• **Problem statement**:
The task for the listing below is to write out exactly the lines starting at the one containing "2021 Salute To" and ending at the one containing "Sperry Syren Gulf", both included. Pictures are to be omitted.

• **Records for processing**:
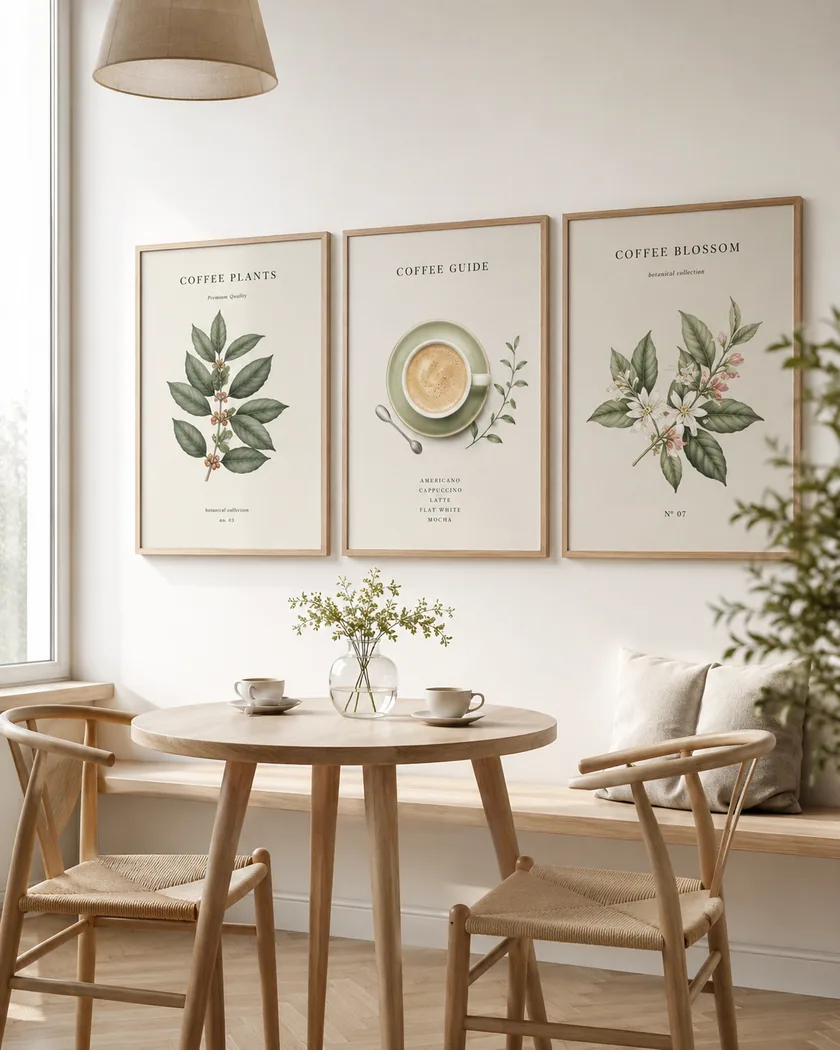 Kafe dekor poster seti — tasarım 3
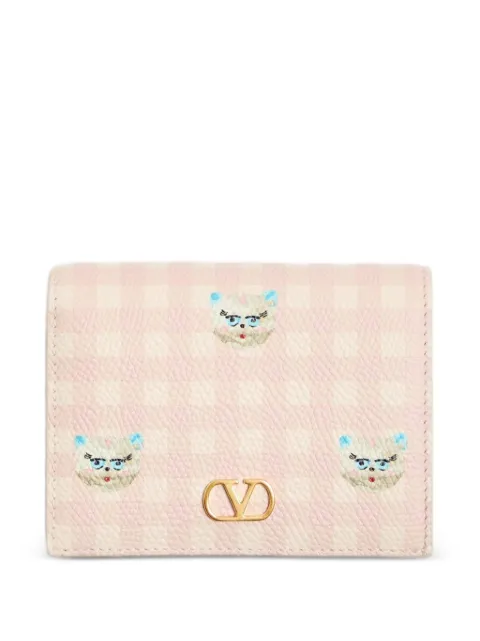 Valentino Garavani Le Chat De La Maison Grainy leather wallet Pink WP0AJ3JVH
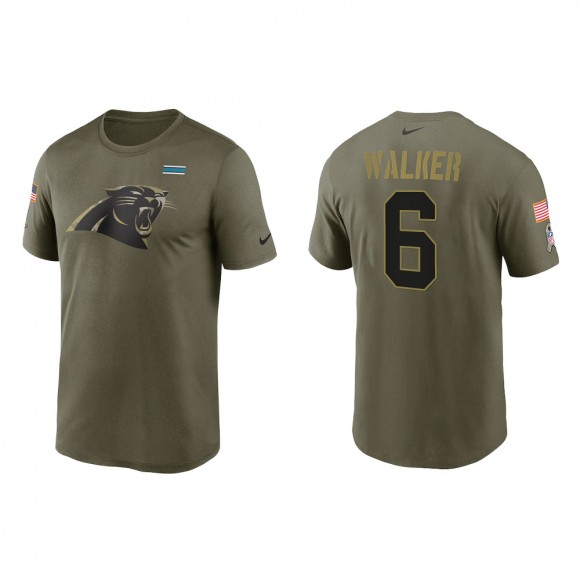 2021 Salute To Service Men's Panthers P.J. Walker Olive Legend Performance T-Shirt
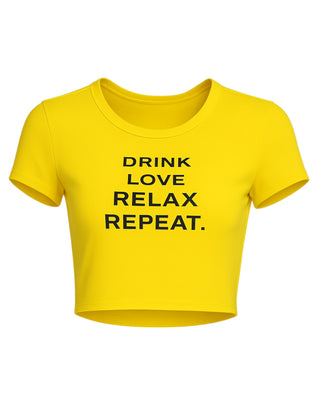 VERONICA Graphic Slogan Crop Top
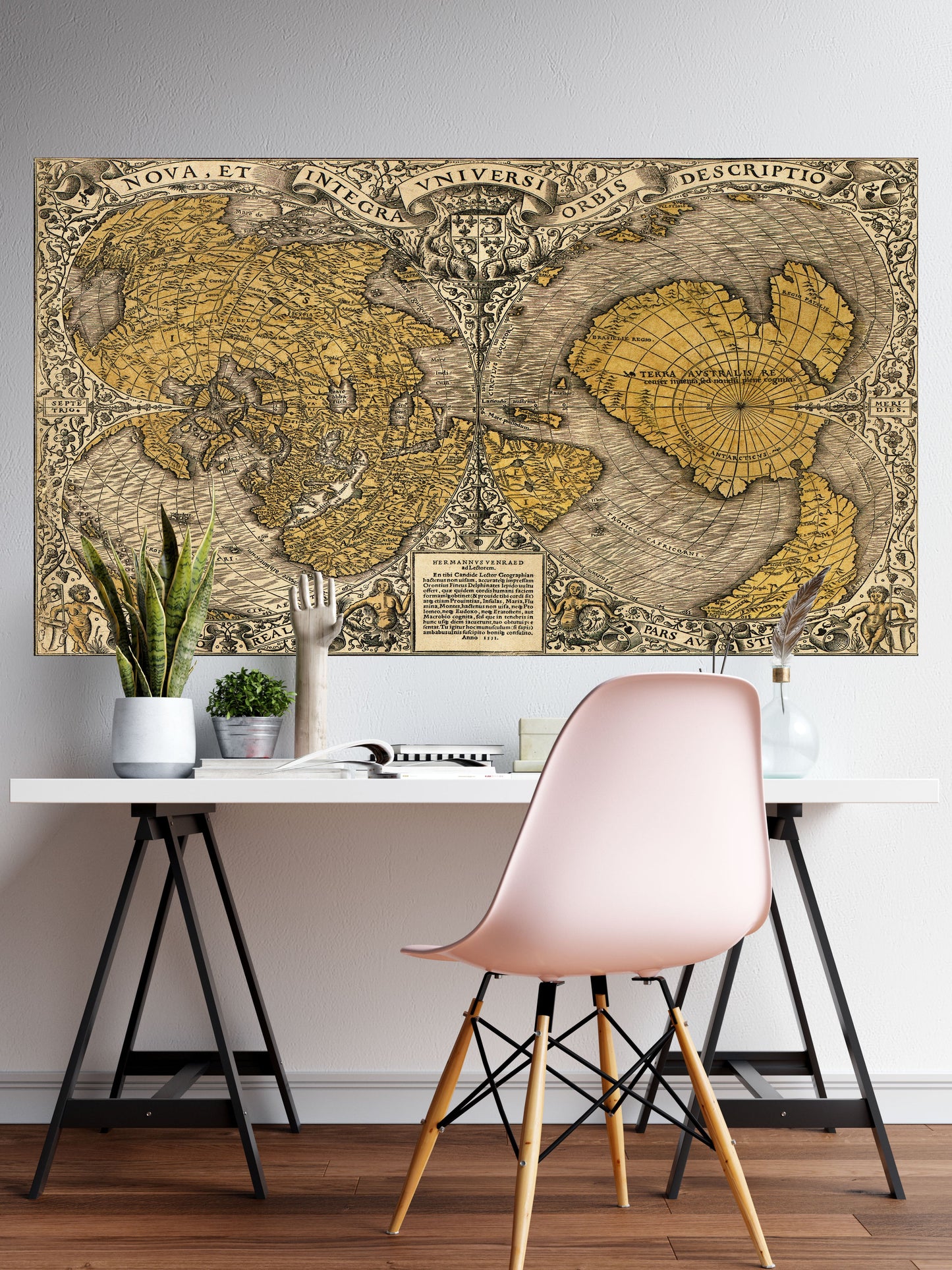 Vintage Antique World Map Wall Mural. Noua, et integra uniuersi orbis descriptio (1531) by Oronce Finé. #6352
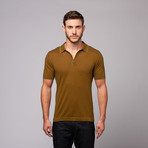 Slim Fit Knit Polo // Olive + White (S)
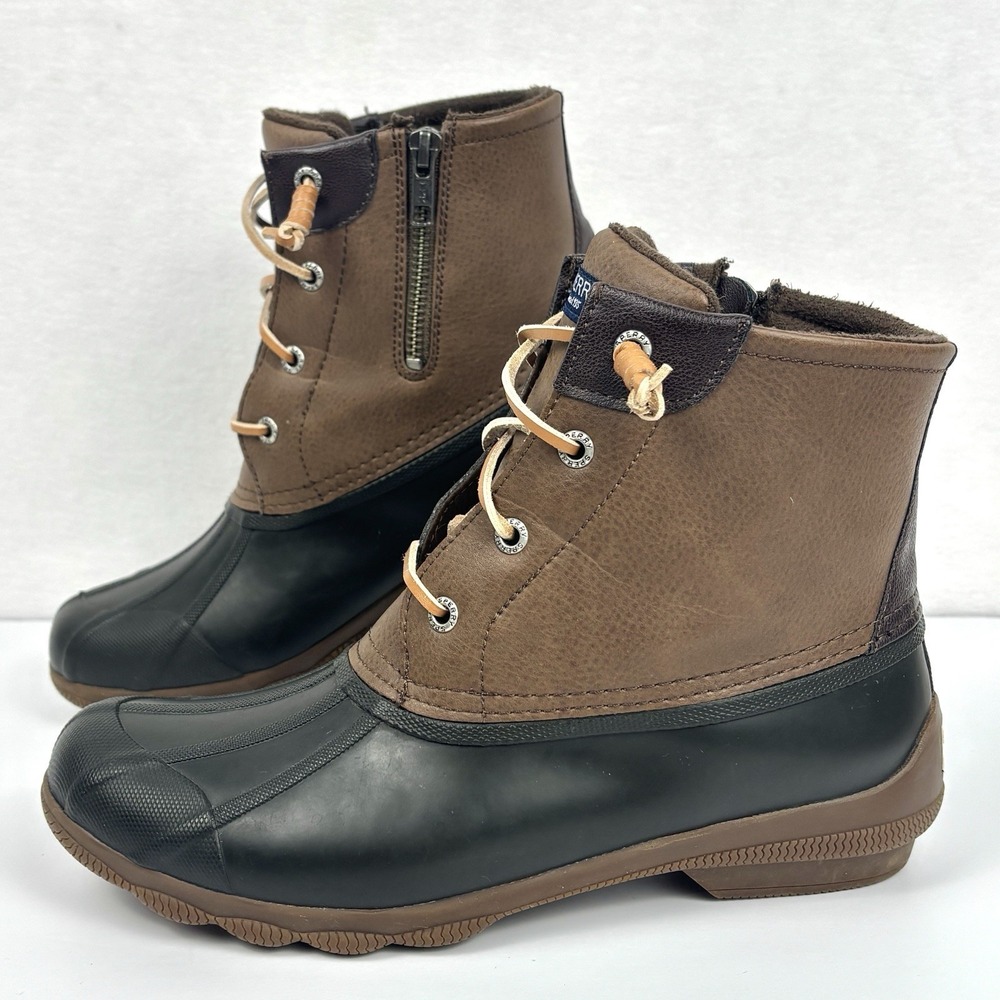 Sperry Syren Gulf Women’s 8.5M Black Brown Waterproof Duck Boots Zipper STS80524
---
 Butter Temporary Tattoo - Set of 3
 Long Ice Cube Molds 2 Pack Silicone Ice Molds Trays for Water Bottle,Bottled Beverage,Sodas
---
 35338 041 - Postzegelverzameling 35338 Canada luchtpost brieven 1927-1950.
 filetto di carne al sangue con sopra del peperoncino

• **Answer box**:
 2021 Salute To Service Men's Panthers P.J. Walker Olive Legend Performance T-Shirt
 VERONICA Graphic Slogan Crop Top
 Vintage Antique World Map Wall Mural. Noua, et integra uniuersi orbis descriptio (1531) by Oronce Finé. #6352
 Slim Fit Knit Polo // Olive + White (S)
 Sperry Syren Gulf Women’s 8.5M Black Brown Waterproof Duck Boots Zipper STS80524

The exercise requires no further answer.